Après avoir dévasté la Côte d’Azur en 2013, détruit Dacca en 2015 et sauvé Tokyo en 2017, le grand exercice international de simulation d’impact d’astéroïde s’est achevé le 3 mai par un cataclysme: New York a été détruite. Attention: il ne s’agit que d’une simulation!

Le grand exercice international de simulation d’impact d’astéroïde s’est achevé par la destruction totale de la métropole de New York.  Huit ans après la première édition, des spécialistes ont de nouveau tenté de dévier un astéroïde mais ont échoué lors de leur exercice annuel, devenu le rendez-vous de la communauté internationale dite de «défense planétaire», rapporte le portail Phys.org.

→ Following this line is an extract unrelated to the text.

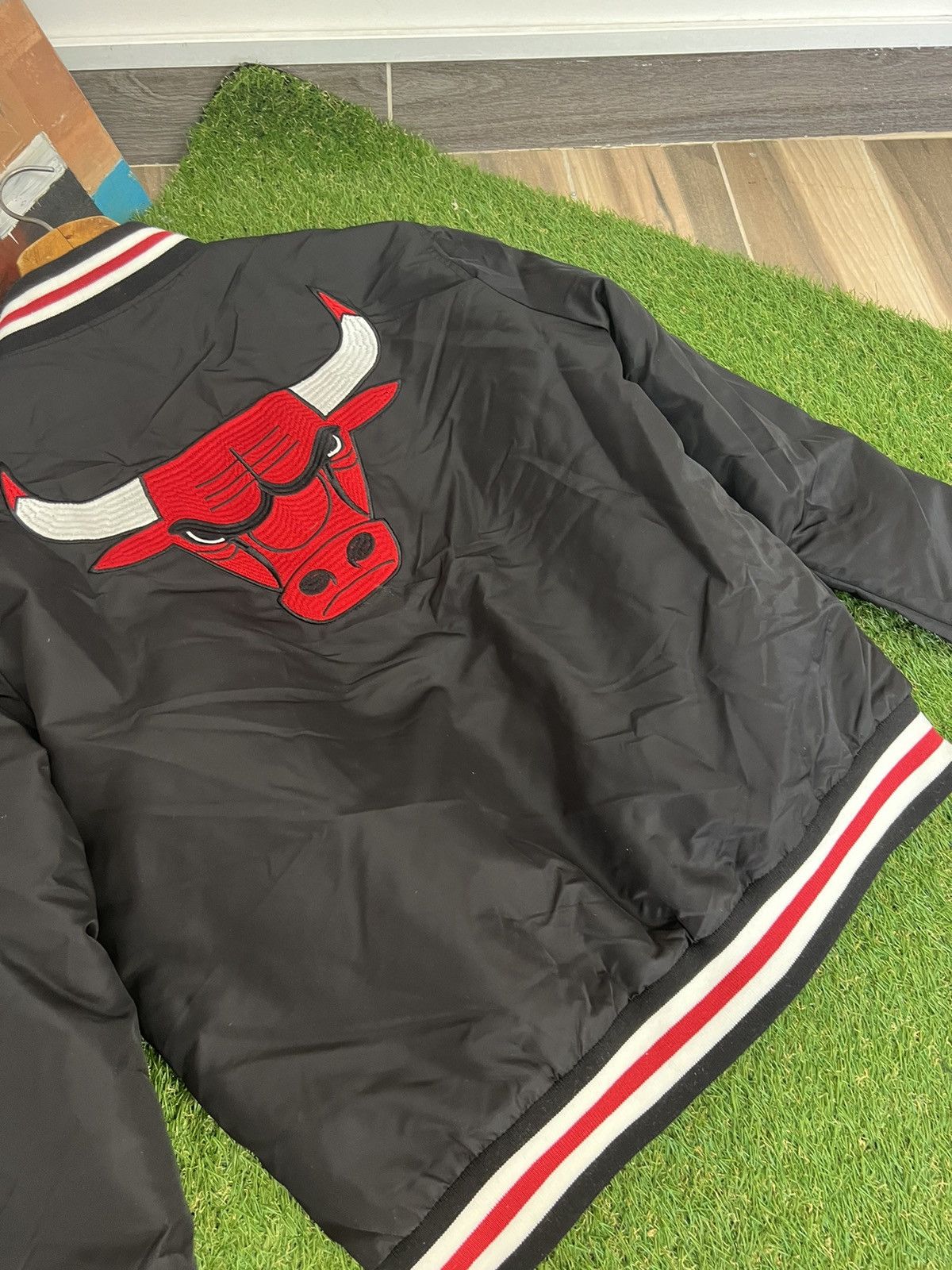 NBA × Vintage Vintage NBA Chicago Bulls Bomber Jacket Size L / US 10 / IT 46 - 12 Thumbnail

Cette nouvelle édition a été lancée le 29 avril par une conférence donnée près de Washington, avec l’alerte initiale suivante: un astéroïde de 100 ou 300 mètres de diamètre a été repéré et a, d’après des premiers calculs grossiers, une probabilité de 1% de frapper la Terre à la date du 29 avril 2027. Tous les jours, du 29 avril au 3 mai, quelque 200 astronomes, ingénieurs et spécialistes des situations d’urgence ont reçu de nouvelles informations, formulé des propositions et attendu les décisions des maîtres du jeu, conçues par un ingénieur aérospatial de la Nasa.Au fil du temps, la probabilité que l’astéroïde se fracasse sur la Terre est passée de 10% à 100%. La Nasa, lors des simulations, a décidé d’envoyer une sonde en 2021 pour observer de près la menace. En décembre 2021, les astronomes ont été formels: l’astéroïde se dirige droit sur la région de Denver (Colorado), laquelle sera totalement détruite.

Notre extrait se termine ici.